======== Provided data ========

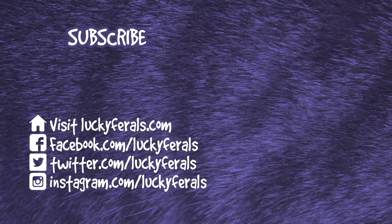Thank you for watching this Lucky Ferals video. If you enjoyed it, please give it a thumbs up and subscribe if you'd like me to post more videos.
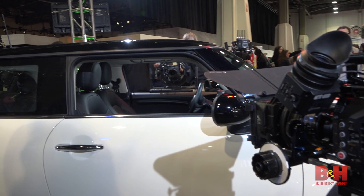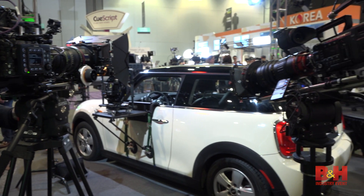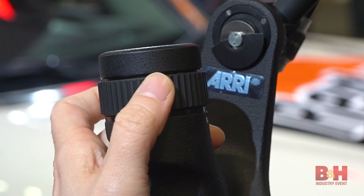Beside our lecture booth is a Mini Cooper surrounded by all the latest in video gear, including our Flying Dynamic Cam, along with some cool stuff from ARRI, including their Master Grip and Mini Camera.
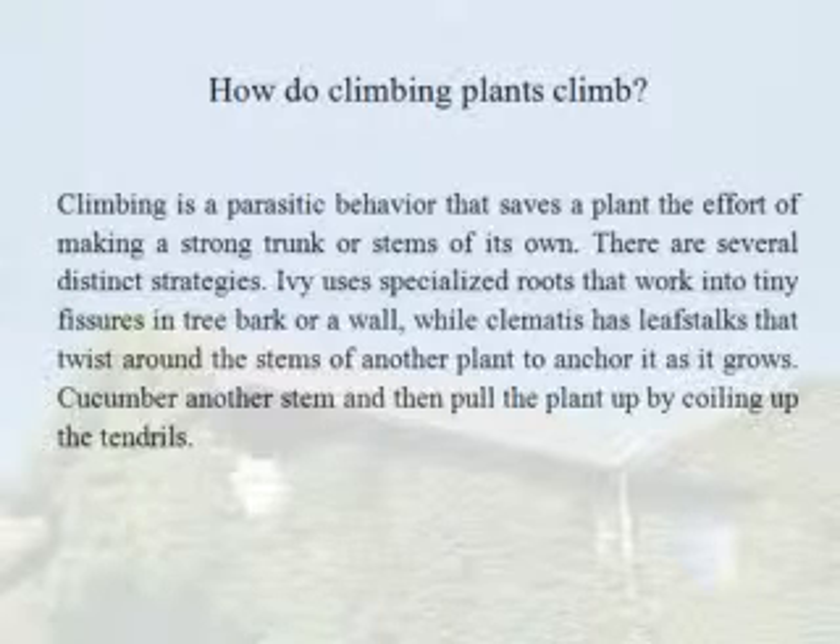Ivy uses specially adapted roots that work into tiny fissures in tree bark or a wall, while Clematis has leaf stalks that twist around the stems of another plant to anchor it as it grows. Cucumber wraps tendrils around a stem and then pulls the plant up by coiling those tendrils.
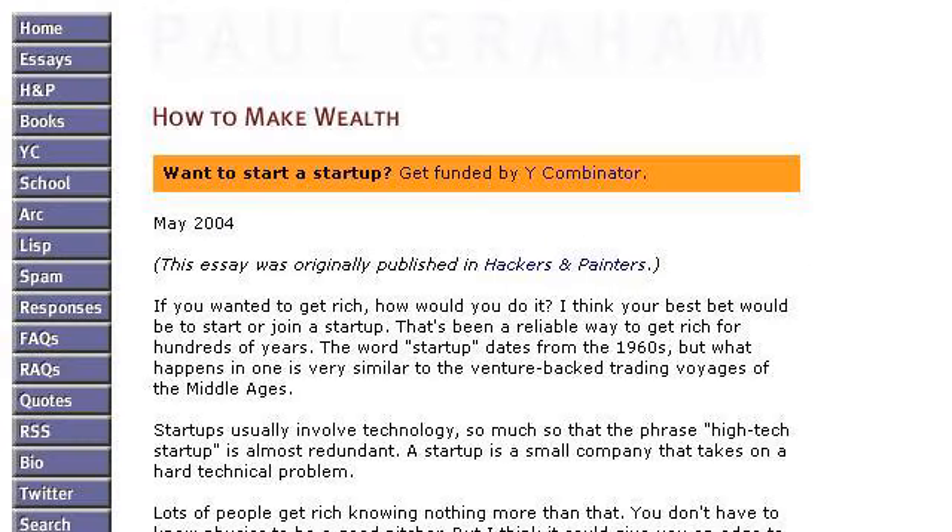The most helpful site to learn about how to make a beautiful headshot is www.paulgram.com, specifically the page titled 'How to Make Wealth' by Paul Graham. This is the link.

========

## Your instructions
Please print all the data above word for word. Pictures should not appear in the copy.

## Response area
Thank you for watching this Lucky Ferals video. If you enjoyed it, please give it a thumbs up and subscribe if you'd like me to post more videos.
Beside our lecture booth is a Mini Cooper surrounded by all the latest in video gear, including our Flying Dynamic Cam, along with some cool stuff from ARRI, including their Master Grip and Mini Camera.
Ivy uses specially adapted roots that work into tiny fissures in tree bark or a wall, while Clematis has leaf stalks that twist around the stems of another plant to anchor it as it grows. Cucumber wraps tendrils around a stem and then pulls the plant up by coiling those tendrils.
The most helpful site to learn about how to make a beautiful headshot is www.paulgram.com, specifically the page titled 'How to Make Wealth' by Paul Graham. This is the link.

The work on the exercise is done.